I've written a response post to this here:
I've tried to be thorough, it has ended up being a little long.
I expect I will only check back here once, in 3 weeks; if you want me to see a (public or private) comment before or after then, you can use the contact info on that same website.
I watched some of your videos expecting you to be just another conventional super progressive leftist but you are actually very nuanced and so unapologetically brave. You said exactly what I always thought but couldn't phrase myself. I no longer believe in gender. There is only biological sex and personality like you said. I still call people whatever pronouns they prefer out of respect but not because I believe in gender ideology.
I'm in an odd place on this issue. On one hand, I'm thrilled that trans people are not considered "freaks" anymore; I've never had a problem with acceptance since the mid 90s when I first learned what transgender is, a time when even hardcore liberals struggled to not respond to the subject with nervous laughter.

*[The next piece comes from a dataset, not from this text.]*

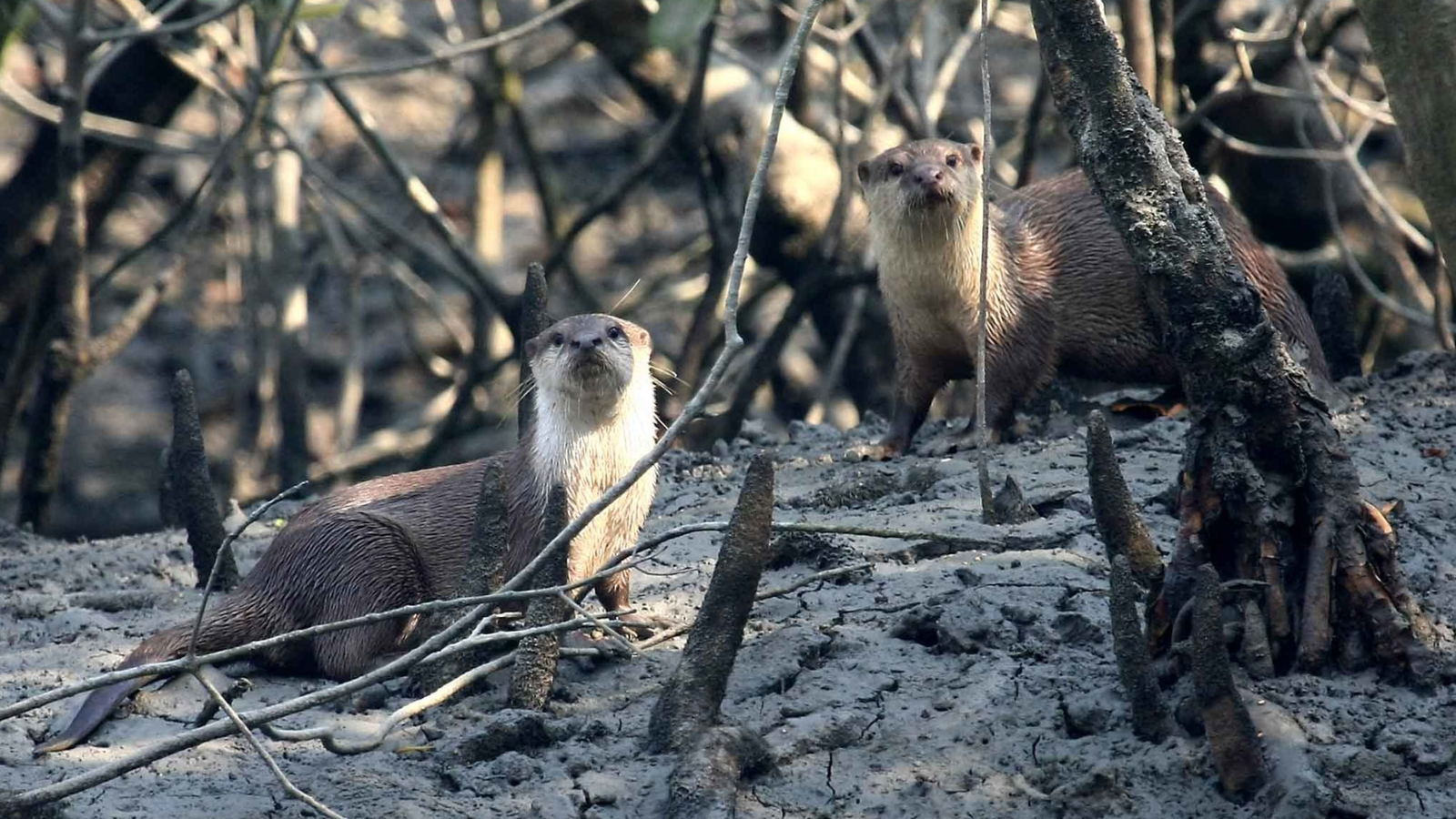 The link between viral otter videos and illegal wildlife trafficking...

On the other, there is a lot of pseudo-science and quasi-religious feeling and thought masquerading as enlightenment, and it's dug into the discourse with lightning speed and impressive thoroughness. I feel like every time something positive happens in society, there's some committee somewhere that has meetings on how to accompany it with something terrible and regressive.

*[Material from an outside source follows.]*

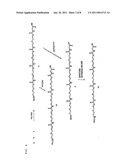 Synthesis of Peptide Nucleic Acids Conjugated with Amino Acids and Their Application diagram and image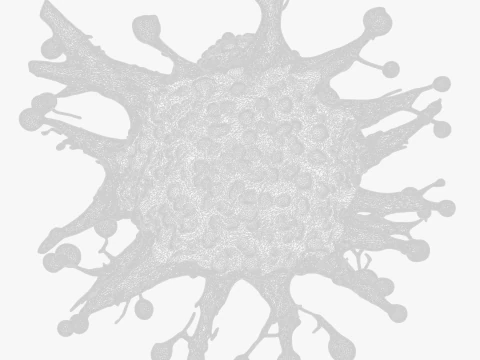 Cancer Cell Tumor 3D Model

Accept that people are different by default. Never accept that differences between people in any way entitles anyone to harm, abuse or exploit others.
Articulate and characteristically open and honest. You might recall I quite passionately disagreed with your assertion gender dysphoria is an illness. I am still forming my own thoughts. I think the main takeaway is people like Blaire White seem to thrive, be happy, and feel entirely at home in their transitioned body. So they're just doing what makes them happy, after all. I presume you'd at least agree with that? Also, as you yourself have said, hormones alter us all the way down to our brains, and if they are transitioned in their bodies and all the way down to their brains, surely it's clear they are not their original biological sex anymore? Blaire is precisely what most of us mean when we say a woman: a person with female facial structure, breasts, and female hormones. So, does it really make sense to say she's a man? I will grant you I've never seen you say that trans people are *not* the gender the identify as, but I'm curious what exactly your position is. For myself, to be honest, I sometimes feel so lost. People say gender is just a social construct. Ok, if it's a construct, what does it really mean to identify as male or female? I'm still forming my thoughts. Cheers.